# Dogfights



## MitchPD3 (Dec 27, 2001)

I have become hooked on the "Dogfights" series that airs on History Channel on Friday nights right after BSG. Last week they portrayed the "Flying Tigers". Anybody steer me to a website so that I can order a P-40 Warhawk. Looking for 1/48 or larger scale.


----------



## John P (Sep 1, 1999)

www.squadron.com
Just do a search, all the P-40s you could want shall appear.


----------



## MitchPD3 (Dec 27, 2001)

Shouldn't have even wasted my time in the post. Should have just sent you a PM, figured if anyone should know, you would!!!


----------



## Nemorosus (Feb 1, 2002)

http://www.p40warhawk.com/Models/Reviews/Models/Trumpeter/P-40B/P-40B.htm

Just some more info, if you haven't found this one already.


----------



## machine shop to (Dec 10, 2005)

I recorded that show for my 10 year-old son and left it so he would find the tape the next morning. He was up early and was having mock dogfights with his Revell P-40 the next day. 

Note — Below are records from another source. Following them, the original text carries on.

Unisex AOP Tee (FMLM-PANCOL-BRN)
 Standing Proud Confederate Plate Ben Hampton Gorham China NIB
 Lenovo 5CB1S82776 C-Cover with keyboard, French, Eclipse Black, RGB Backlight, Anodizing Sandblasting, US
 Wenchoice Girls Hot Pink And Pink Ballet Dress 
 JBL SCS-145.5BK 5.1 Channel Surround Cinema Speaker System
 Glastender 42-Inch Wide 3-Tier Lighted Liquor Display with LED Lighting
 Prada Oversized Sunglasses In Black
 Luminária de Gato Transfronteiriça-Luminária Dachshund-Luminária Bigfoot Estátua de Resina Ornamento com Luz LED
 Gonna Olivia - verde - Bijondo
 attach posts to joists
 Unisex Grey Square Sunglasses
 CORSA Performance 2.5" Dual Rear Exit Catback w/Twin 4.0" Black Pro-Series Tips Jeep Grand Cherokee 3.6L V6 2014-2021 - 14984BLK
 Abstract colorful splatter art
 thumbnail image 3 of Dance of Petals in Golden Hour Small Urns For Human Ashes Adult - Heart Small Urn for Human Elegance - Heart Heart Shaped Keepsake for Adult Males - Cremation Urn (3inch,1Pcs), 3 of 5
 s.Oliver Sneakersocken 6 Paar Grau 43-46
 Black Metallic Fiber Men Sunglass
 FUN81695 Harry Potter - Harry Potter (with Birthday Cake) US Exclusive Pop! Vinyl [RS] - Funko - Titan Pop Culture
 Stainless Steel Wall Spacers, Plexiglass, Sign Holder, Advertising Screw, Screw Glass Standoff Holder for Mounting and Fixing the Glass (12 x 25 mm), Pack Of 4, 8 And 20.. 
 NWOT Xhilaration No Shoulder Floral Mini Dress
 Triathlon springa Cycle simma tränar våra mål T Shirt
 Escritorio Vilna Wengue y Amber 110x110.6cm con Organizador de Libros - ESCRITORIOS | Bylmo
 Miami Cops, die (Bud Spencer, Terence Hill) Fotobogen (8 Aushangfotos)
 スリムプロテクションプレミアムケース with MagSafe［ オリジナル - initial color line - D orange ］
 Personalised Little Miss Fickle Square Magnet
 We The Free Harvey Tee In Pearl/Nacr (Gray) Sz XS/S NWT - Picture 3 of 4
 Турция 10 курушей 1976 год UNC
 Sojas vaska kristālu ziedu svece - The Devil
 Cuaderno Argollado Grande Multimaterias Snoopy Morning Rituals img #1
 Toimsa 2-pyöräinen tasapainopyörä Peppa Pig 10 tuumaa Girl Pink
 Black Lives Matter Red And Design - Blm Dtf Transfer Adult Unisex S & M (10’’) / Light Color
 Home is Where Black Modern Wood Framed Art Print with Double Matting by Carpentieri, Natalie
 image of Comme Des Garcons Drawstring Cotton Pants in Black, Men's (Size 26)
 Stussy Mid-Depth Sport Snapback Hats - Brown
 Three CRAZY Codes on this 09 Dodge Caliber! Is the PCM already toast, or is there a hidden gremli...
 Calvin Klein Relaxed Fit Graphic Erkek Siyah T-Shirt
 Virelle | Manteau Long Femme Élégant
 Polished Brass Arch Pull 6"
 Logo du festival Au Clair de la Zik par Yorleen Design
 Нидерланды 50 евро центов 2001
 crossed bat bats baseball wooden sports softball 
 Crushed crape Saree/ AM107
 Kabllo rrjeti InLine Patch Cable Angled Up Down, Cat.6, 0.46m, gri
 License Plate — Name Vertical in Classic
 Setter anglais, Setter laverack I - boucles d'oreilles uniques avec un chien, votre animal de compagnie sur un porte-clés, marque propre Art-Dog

Now I gotta build that Zero that is in my archives!

to(m)


----------



## MangoMan (Jul 29, 1999)

Spam spam spam spam...


----------



## terryr (Feb 11, 2001)

I've suddenly got the urge to buy bearings from china.


----------



## machine shop to (Dec 10, 2005)

Go ahead. In an hour you will want some more.  

tom


----------